Lady Susan informs her friend, Alicia, with regards to the Manwarings, “The females of the family are united against me” (Austen 481), which is due to her flirtations with Mr. Manwaring and Mr. Martin.  She has no consideration or compassion for her friend, Mrs. Manwaring, or for her daughter, Maria Manwaring.  Breaking up a friendship does not concern or upset Lady Susan, because she is ruled by her appetite for deception and power over the men she flirts with and the family members for which she feigns love and affection.
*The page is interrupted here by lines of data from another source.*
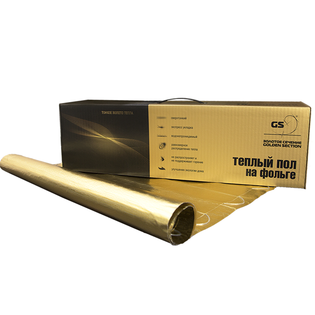 Нагревательный мат "Золотое сечение" на фольге GS-750-5,0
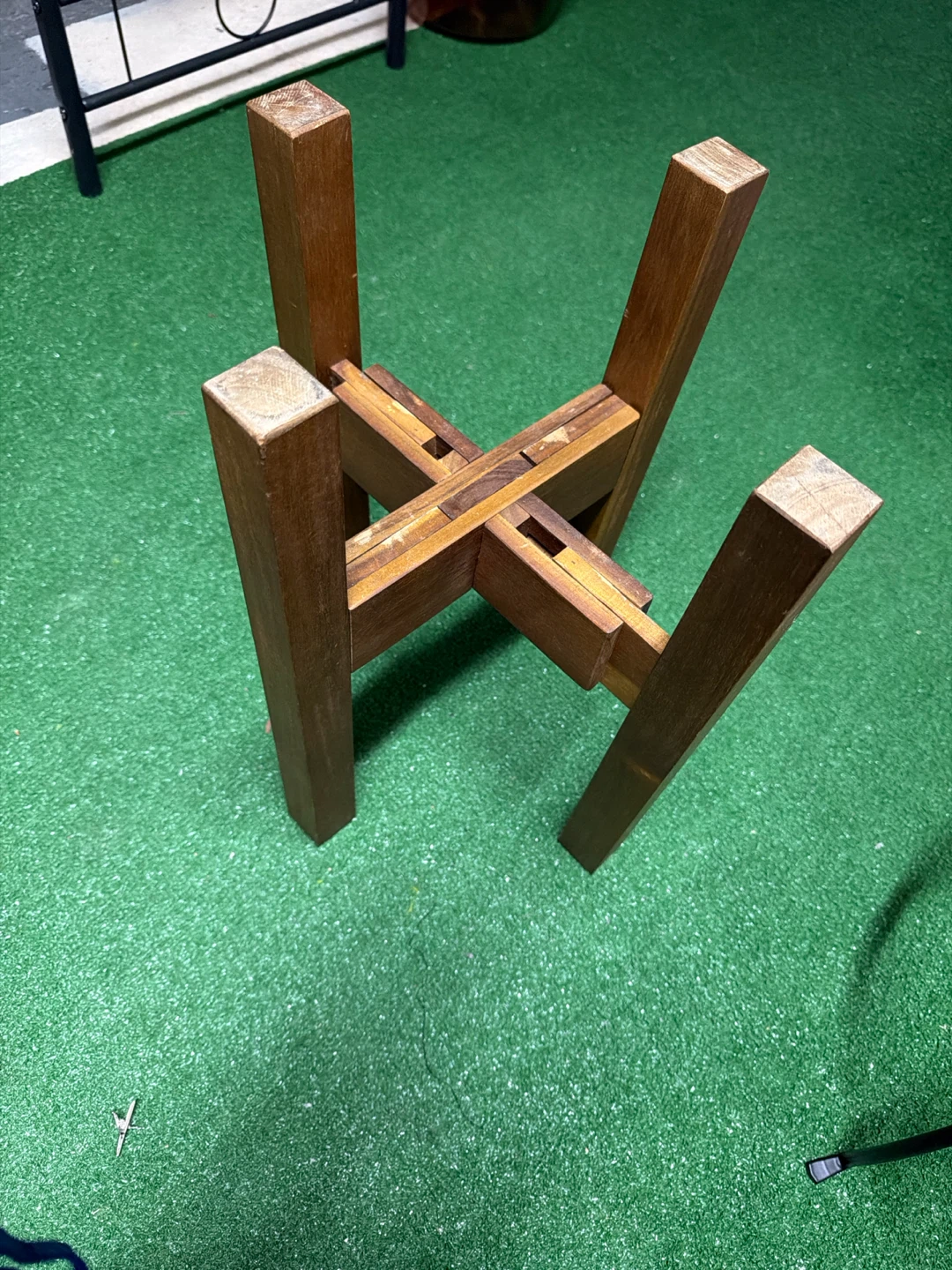 Set of 6 Assorted Plant Stands. Price is $5 up - photo 4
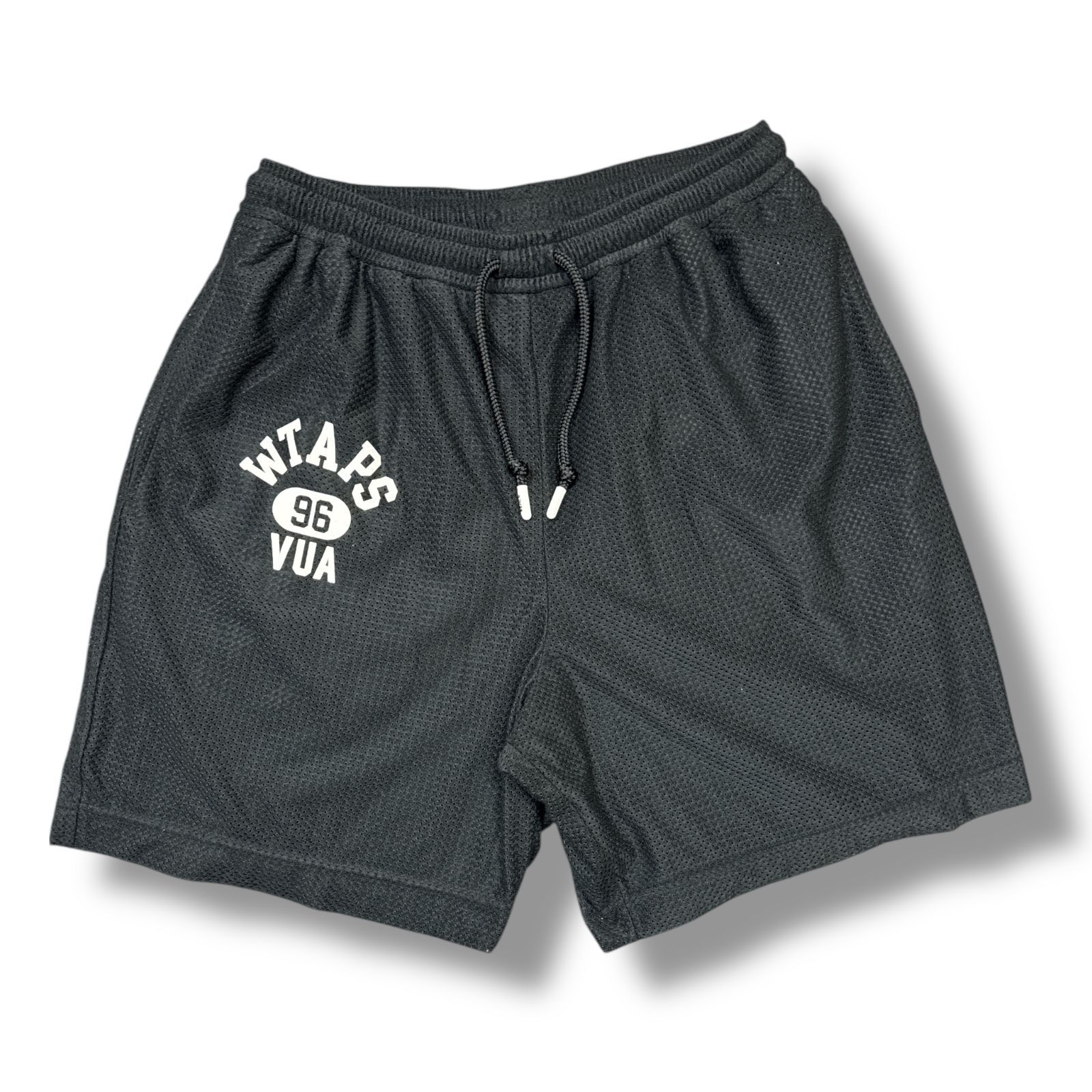 WTAPS 24SS WUS 02 / Shorts / Poly. Era ハーフショーツ メッシュ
Catherine Vernon, Lady Susan’s sister-in-law, mentions to her mother that Lady Susan didn’t want her to marry Charles, the brother of her deceased husband, and believes Charles to be too lenient toward the lady.  Catherine says, “Her behaviour to him, independent of her general character, has been so inexcusably artful and ungenerous since our marriage was first in agitation, that no one less amiable and mild than himself could have overlooked it at all” (Austen 484).  

Additionally, Catherine warns her brother, Sir Reginald DeCourcy, of the powers of Lady Susan through her beauty and clever language, and says, “I’m sorry it is so, for what is this but deceit?” (Austen 484) Lady Susan reiterates her interference in Charles and Catherine’s initial engagement, saying to her friend, Alicia, “To be sure, when we consider that I did take some pains to prevent my brother-in-law’s marrying her, this want of cordiality is not very surprising” (Austen 483).  This pattern of driving a wedge between both married and courting relationships is prevalent throughout the story. 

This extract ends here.